- Opening Delimiter -

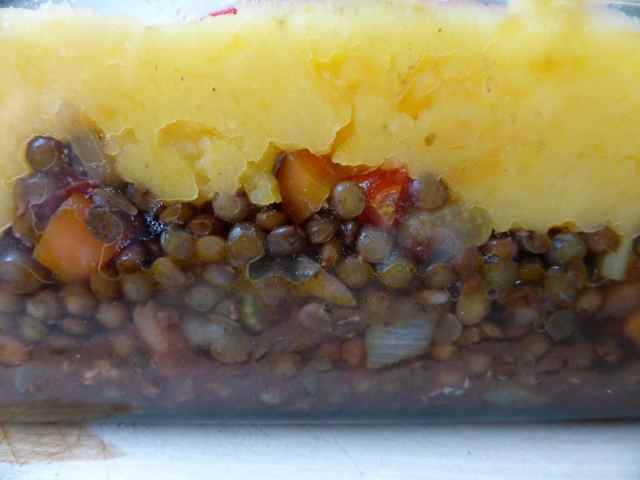 shepherd's pie close up 9-1-16
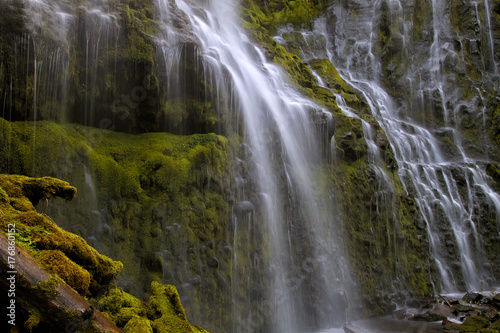 Proxy Falls Closeup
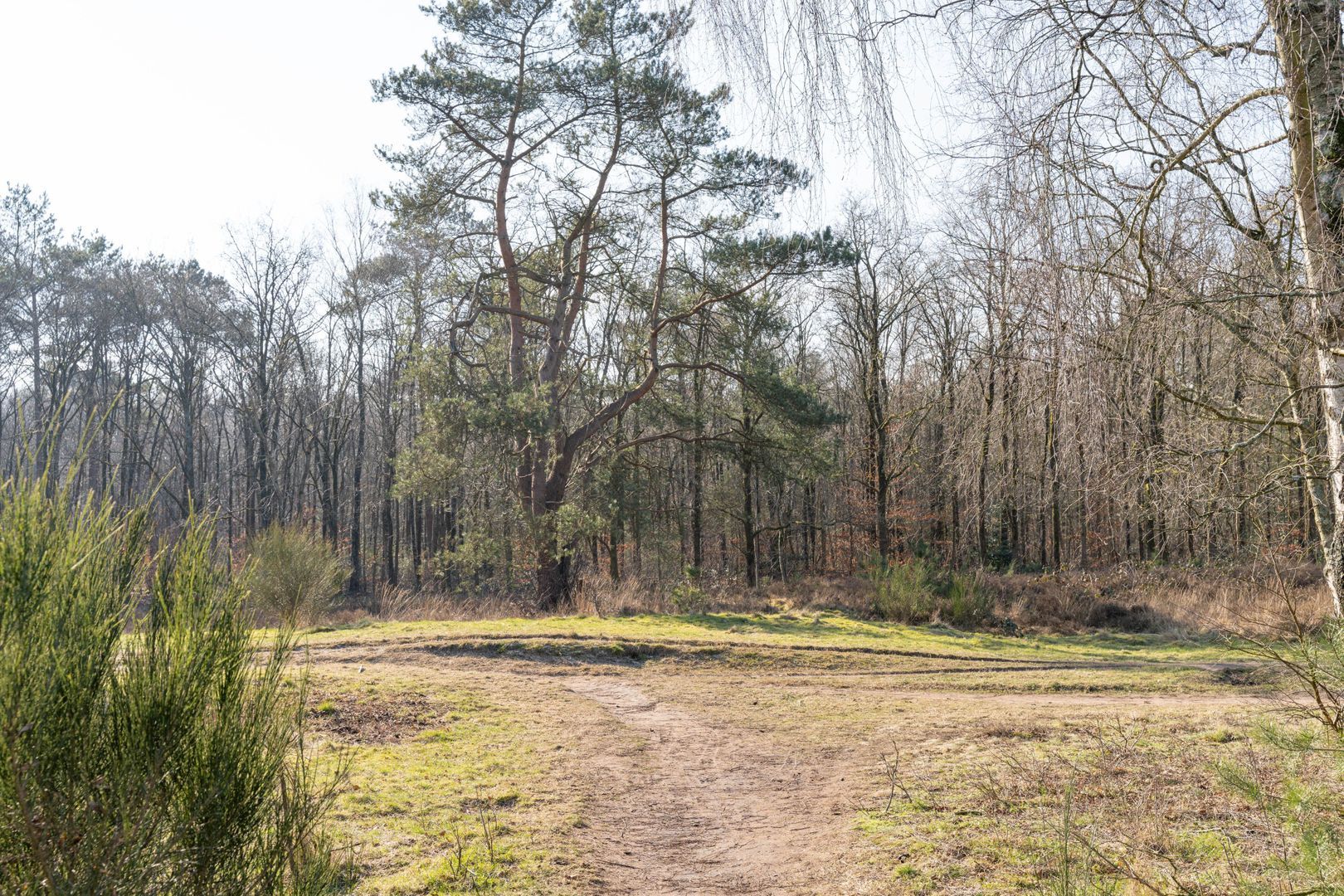 Admiraal de Ruyterlaan 131, Hilversum foto-18 blur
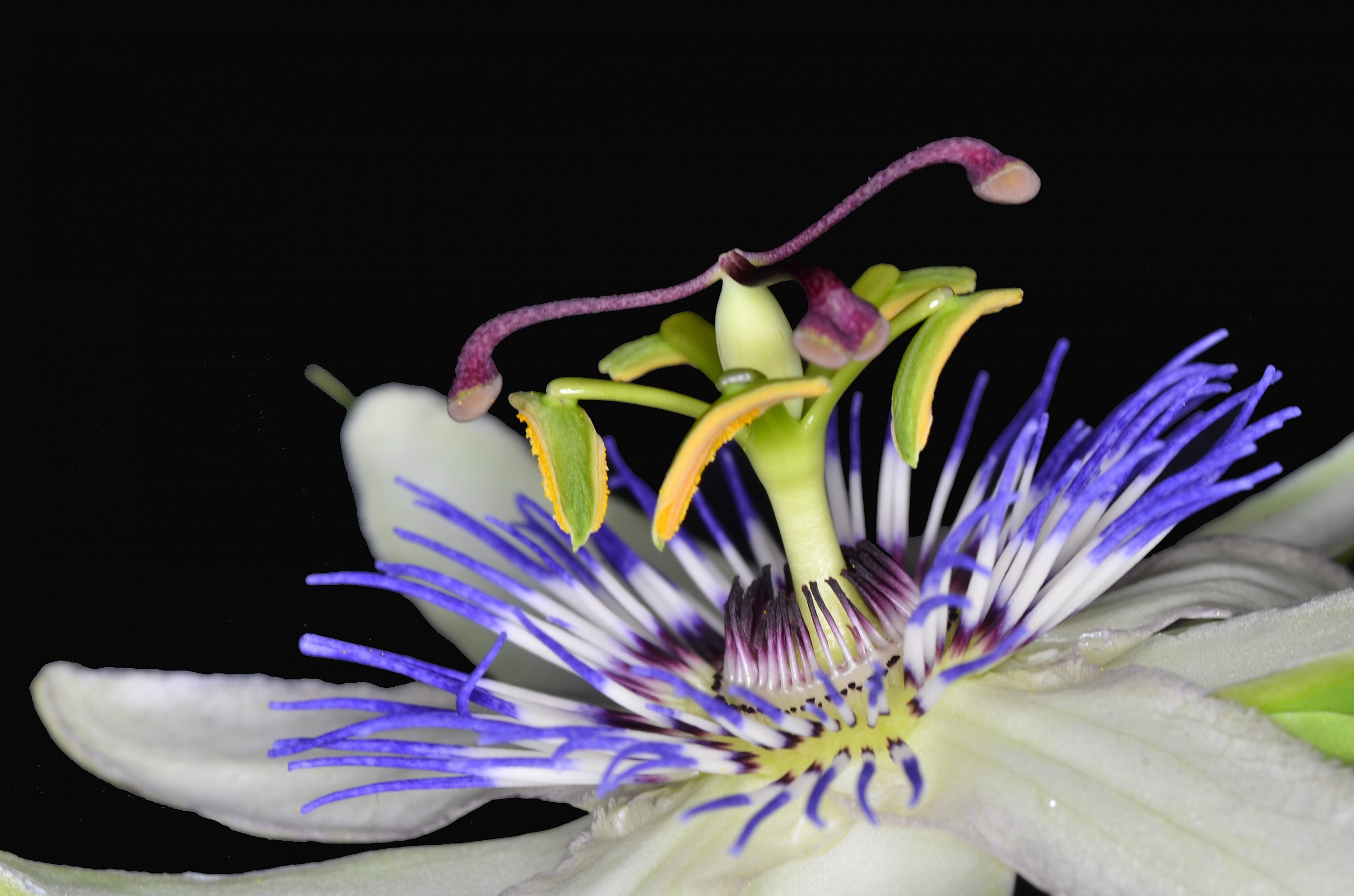 Passiflora 2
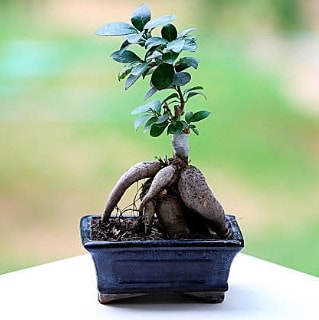 Marvellous Ficus Microcarpa ginseng bonsai  Bursa iek siparii vermek 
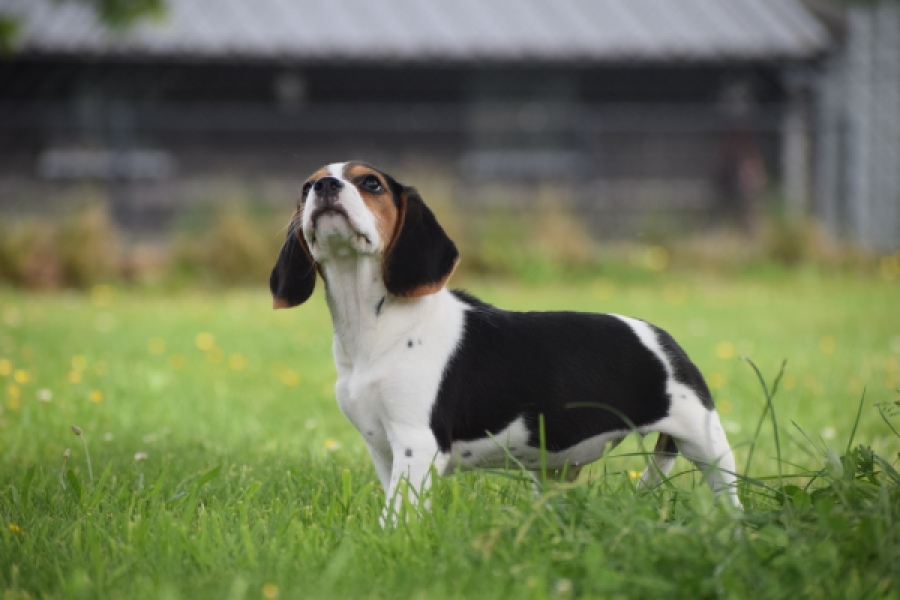 Beagle (teef) 29201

- Closing Delimiter -

TASK DIRECTIONS ▸ Leave every picture out and write out, word for word, the lines from the one that contains "Marvellous Ficus Microcarpa" through the last line of the records.

YOUR SOLUTION ▸
 Marvellous Ficus Microcarpa ginseng bonsai  Bursa iek siparii vermek 
 Beagle (teef) 29201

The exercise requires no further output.